IN THE UPPER TRIBUNAL
IMMIGRATION AND ASYLUM CHAMBER
Case No: UI-2023-002144
First-tier Tribunal Nos: HU/56332/2022
THE IMMIGRATION ACTS
Decision & Reasons Issued:
On the 24 July 2023
UPPER TRIBUNAL JUDGE PERKINS
JYOTSANBEN CHANDRESHKUMAR PATEL
(NO ANONYMITY ORDER MADE)
THE SECRETARY OF STATE FOR THE HOME DEPARTMENT
For the Appellant: Mr M West, Counsel, instructed by Solicitors’ Inn Limited
For the Respondent: Mr E Terrell, Senior Home Office Presenting Officer
Heard at Field House on 13 July 2023
DECISION AND REASONS
1. This is an appeal against a decision of the First-tier Tribunal dismissing the appeal of the appellant against a decision of the Secretary of State refusing her leave to remain on human rights grounds.
2. I propose to deal with the case in extreme summary outline and if that leads me into errors of detail I hope that will be excused.
3. The essential point is that the appellant entered the United Kingdom many years ago lawfully but remained without permission. She suffered the personal tragedy of her husband dying so she was widowed in the United Kingdom but she remained there and formed a close relationship with a person I now identify as her partner. The First-tier Tribunal Judge found that there were no insurmountable obstacles in the way of the appellant and her partner living together in India. This was the subject of challenge and when permission was granted by First-tier Tribunal Judge Mills, he did, if I may respectfully say so, go the nub of the matter and I set out what he said. Judge Mills said:
“I have concluded that the challenge raises an arguable case that the Judge has erred in law. The Judge’s consideration of the sponsor’s clearly very serious medical conditions is very brief, and arguably inadequate. The Judge does not refer to any background evidence to support the conclusion that appropriate care would be available in India, and does not deal with the detailed submissions put forward in the skeleton argument suggesting the opposite to be true.”
4. There were indeed such contentions put forward in the skeleton argument. Mr West, who had appeared below, had gone to the trouble of perusing the usual sources and put together a package of material suggesting that if treatment were available it would be at considerable cost. This was just not considered.
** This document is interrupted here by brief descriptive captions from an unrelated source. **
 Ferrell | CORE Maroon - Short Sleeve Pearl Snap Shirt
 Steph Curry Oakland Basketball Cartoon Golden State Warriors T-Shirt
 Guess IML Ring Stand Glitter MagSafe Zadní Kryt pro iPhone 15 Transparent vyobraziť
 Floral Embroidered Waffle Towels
5. There is a further difficulty, to some extent of the appellant’s own making but more to do with the way the judge conducted the case, in that the judge has decided that the sponsor is a wealthy man. There is reference to the sponsor owning a seven bedroom house in London. That suggests considerable wealth but it does not prove it and Mr West told me, on instructions today, that that is just not the position. The sponsor is a part owner of a house in London that is itself subject to a substantial mortgage. There is no evidence about the sponsor’s means and really there needs to be before points like that can be taken and investigated properly.
6. It may be that the sponsor is in a position to afford treatment in India but that cannot be deduced from the evidence and I have considerable sympathy in the sponsor not dealing with it because this was just not the way the case was raised by the Secretary of State so the sponsor is not to be criticised.
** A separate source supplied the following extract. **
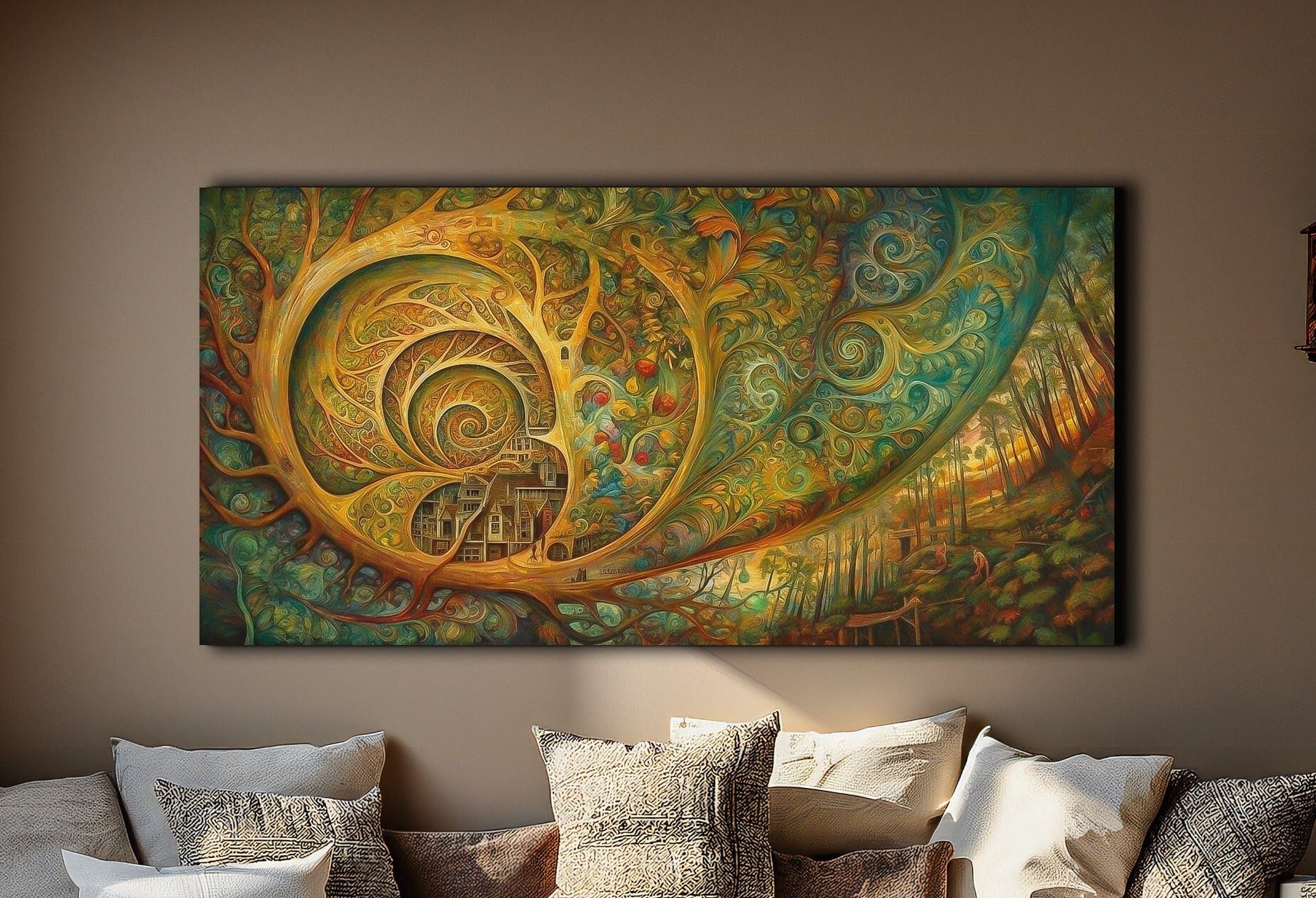 Spiral Forest Canvas Print: Visionary Surreal Nature Wall Art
7. There are other criticisms made which do not stand up.
8. The judge has had things to say about Article 3 but that I agree with Mr Terrell that this a passing reference. It has never been the appellant’s case that his is an “Article 3 severe” health case. It does not follow from that that the appeal cannot be allowed properly on Article 8 grounds but it is a point of some relevance. The fundamental problem here is that the judge has just not engaged with the medical evidence about the sponsor and has made findings which do not deal properly with the contrary arguments put forward in the skeleton argument.
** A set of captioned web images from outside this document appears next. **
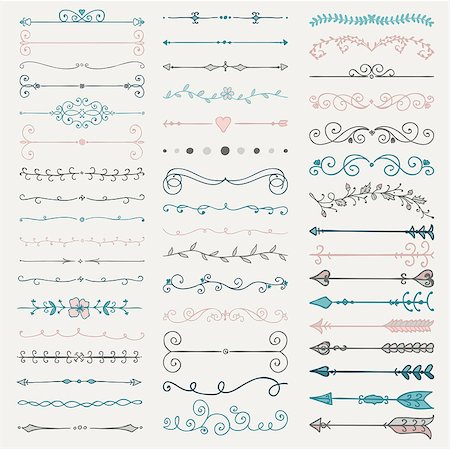 simsearch:400-08755813,k - Set of Artistic Hand Drawn Colorful Doodle Design Elements. Decorative Floral Dividers, Arrows, Swirls, Scrolls. Vintage Vector Illustration. Stock Photo - Budget Royalty-Free & Subscription, Code: 400-08096571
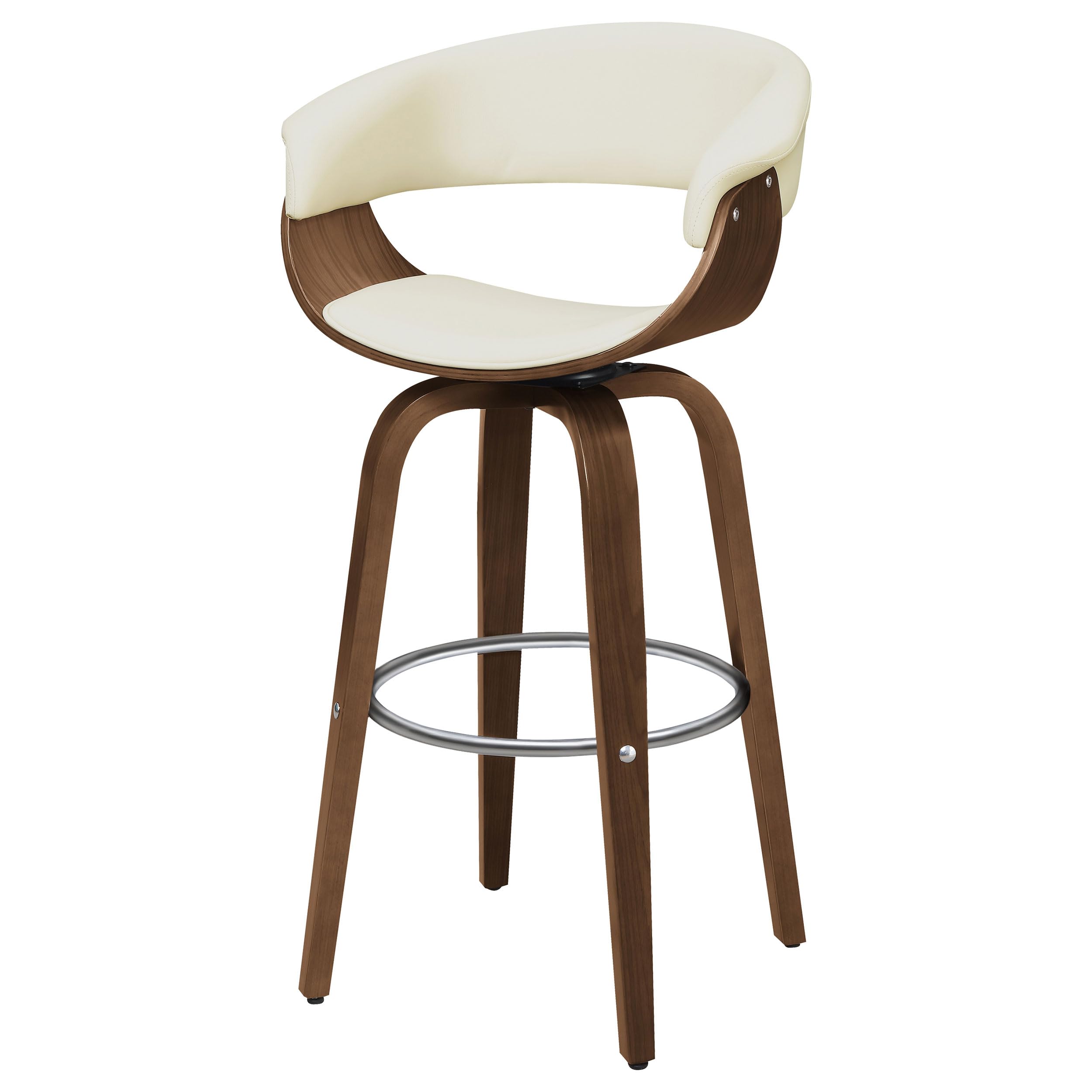 Zion - Wood & Fabric - Upholstered Swivel Bar Stool with Sturdy Seat Back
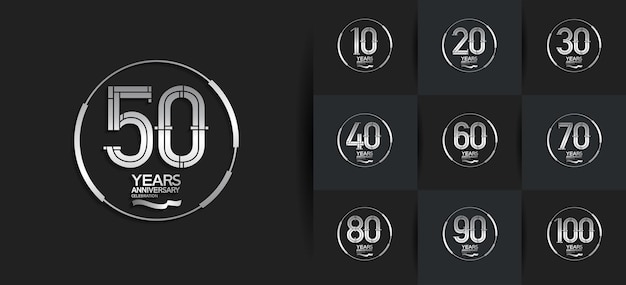el conjunto de logotipos de aniversario se puede utilizar para eventos especiales de celebración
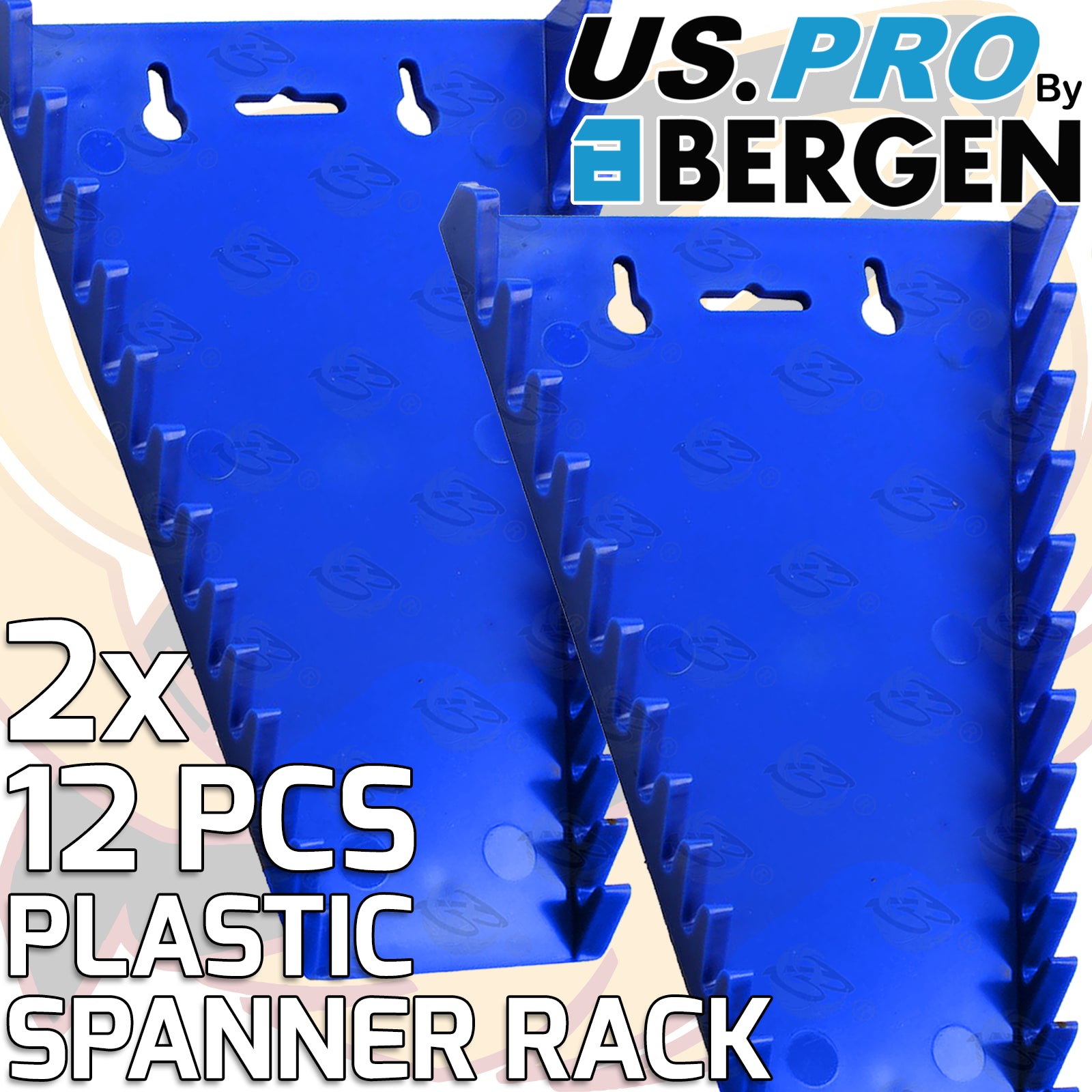 US PRO PLASTIC SPANNER RACK ( HOLDS 12 SPANNERS ) ( x 2 )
9. This may be a case now that the appellant’s finances are very much in issue where it is appropriate to adduce further evidence but that is a matter for Mr West to sort out and to make a proper application which will be dealt with no doubt properly by the First-tier Tribunal. I say that because this is an appeal that has to be re-determined and I direct that it be done there because these findings are not repairable.
10. In short, I find the First-tier Tribunal erred in law. I set aside its decision and I direct that the case be heard again in the First-tier Tribunal.
11. Anything I have said here about the progress of that case is simply an observation. I issue no directions. It is for the First-tier Tribunal to decide how to organise its cases. For the avoidance of doubt no findings are preserved. This case has to be heard again. All the findings that are controversial are interrelated and all have to be looked at again.
Notice of Decision
12. The First-tier Tribunal erred in law. I set aside its decision and I direct that the case be redetermined in the First-tier Tribunal.